Het benoemen van een raad van commissarissen is in overeenstemming met artikel 2:140 BW. Het ligt in het voornemen dat zolang de staat aandeelhouder is van de vennootschap er twee commissarissen van overheidswege worden benoemd. Tevens zal de NOS het recht krijgen om een bindende voordracht voor de benoeming van één van de commissarissen te doen, mits zij ten minste 40 procent van het geplaatste aandelenkapitaal bezit (zie ook paragraaf 6.3 van het algemeen deel van de toelichting). De overige commissarissen worden benoemd door de algemene vergadering van aandeelhouders. Een dergelijke benoemingswijze is in overeenstemming met artikel 2:143 BW.

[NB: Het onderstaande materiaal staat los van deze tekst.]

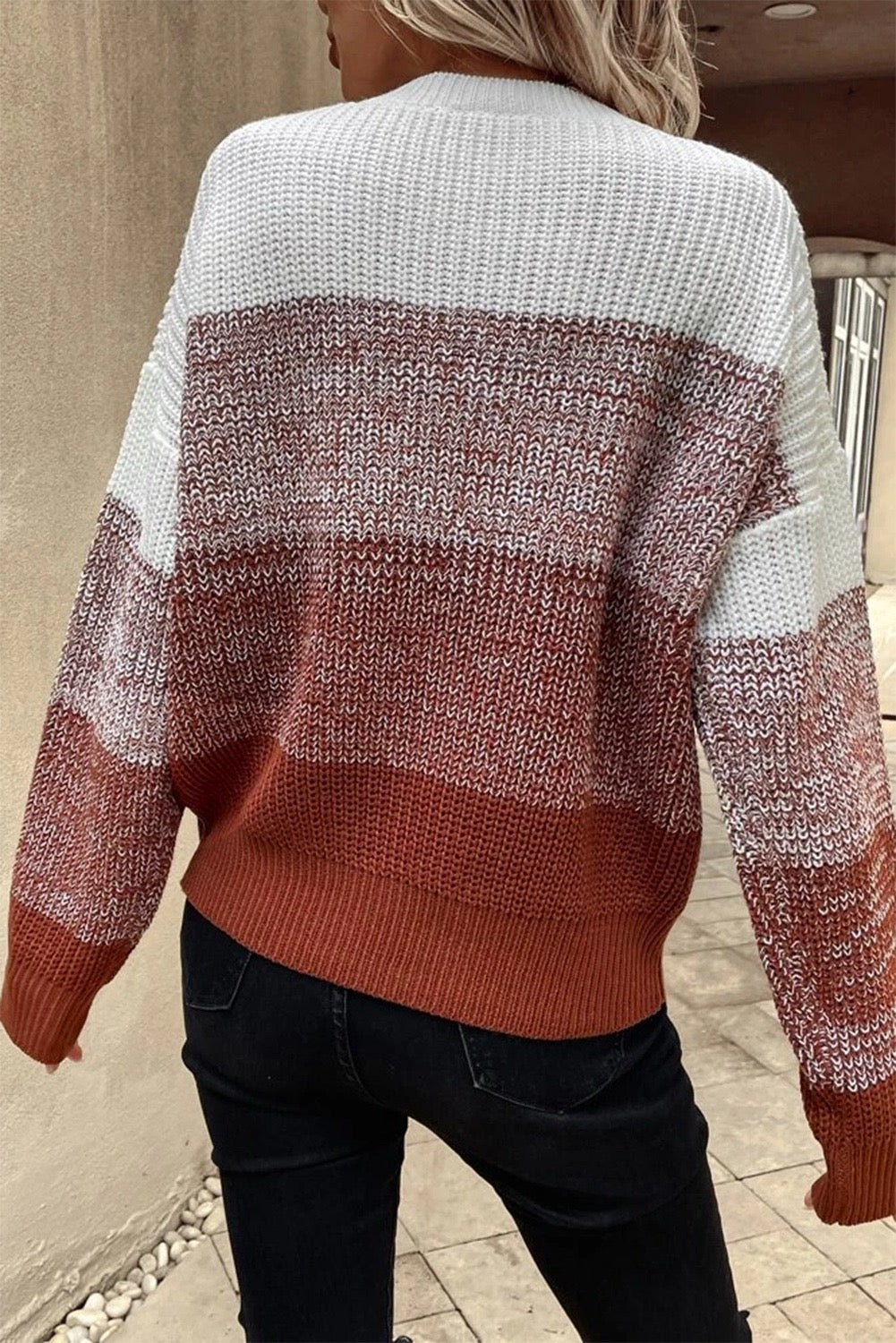 Burnt Orange Sweater-Limited Stock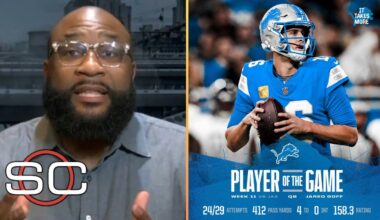 ESPN reacts to Detroit Lions DESTROY Jacksonville Jaguars 52-6 in Week 11; Jared Goff 412 YDS, 4 TDs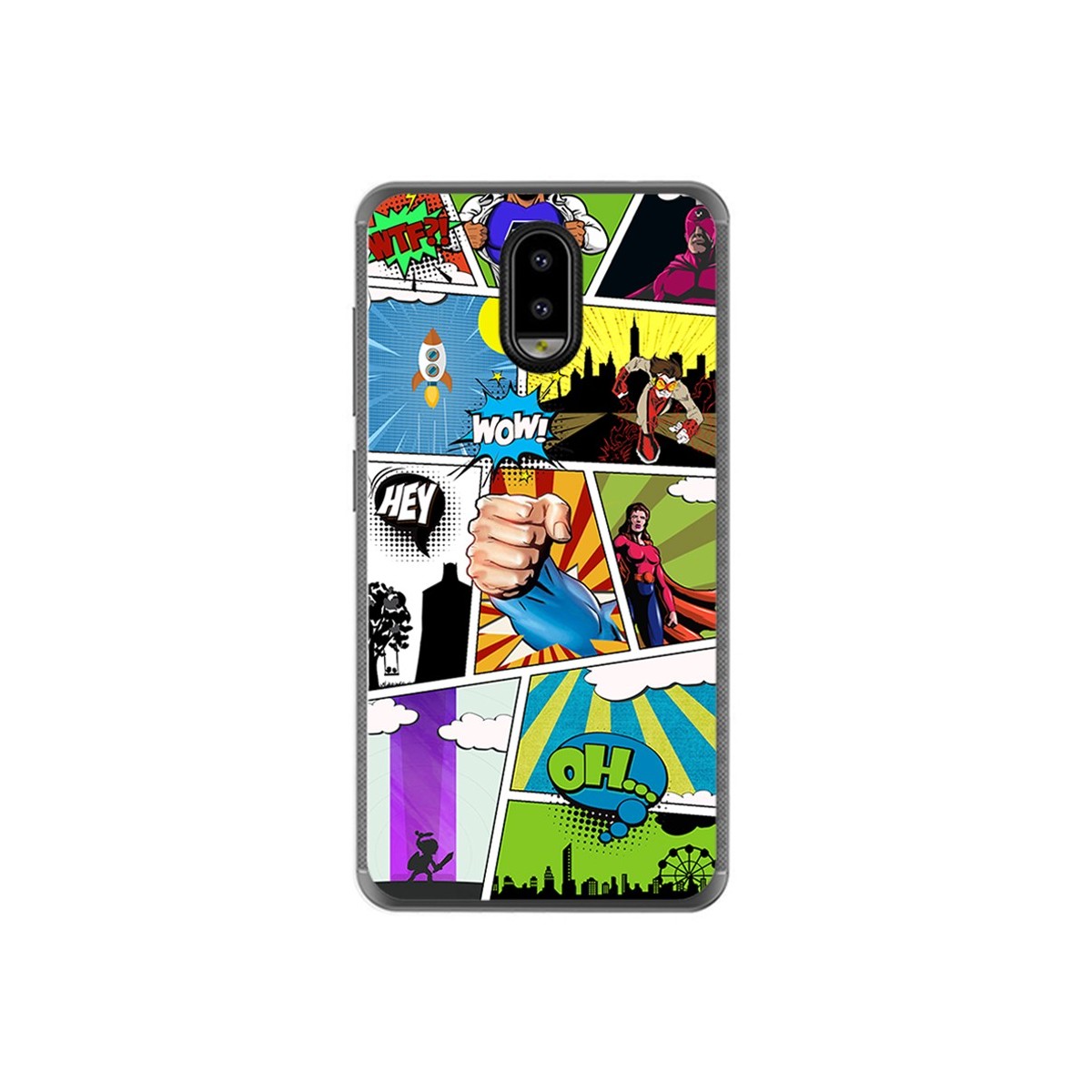 Funda Gel Tpu para Leagoo Z7 Diseño Comic Dibujos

De voorwaarden, bedoeld in artikel IV, onder a en b, worden in ieder geval nodig geacht om de organisatie- en vennootschapsstructuur van Nozema in overeenstemming te brengen met de situatie dat het bedrijf wordt geprivatiseerd. Het beëindigen van de thans geldende bijzondere wettelijke regeling ten aanzien van de vennootschapsstructuur wordt tevens nodig geacht om de huidige aandeelhouders in staat te stellen de aandelen onder de wenselijk geachte criteria te kunnen verkopen.

Ook de overige wijzigingen van de statuten zijn van belang voor de wijze waarop Nozema in de geliberaliseerde markt zal kunnen opereren.

Op de dag dat de akte wordt verleden, zal tevens in een procedure voor de benoeming van de directie worden voorzien. Op de dag dat de wijziging van de statuten van kracht wordt, zullen de huidige aandeelhouders in een (bijzondere) algemene vergadering van aandeelhouders op grond van artikel 2:132 BW het bestuur van de vennootschap kunnen benoemen.

Aldus wordt de continuïteit van de organisatie- en zeggenschapsstructuur van de vennootschap in afdoende mate verzekerd.

De Staatssecretaris van Verkeer en Waterstaat,

J. M. de Vries

De Staatssecretaris van Onderwijs, Cultuur en Wetenschappen,

F. van der Ploeg

De Minister van Financiën,

G. Zalm


XNoot
1

Ter inzage gelegd bij de afdeling Parlementaire Documentatie.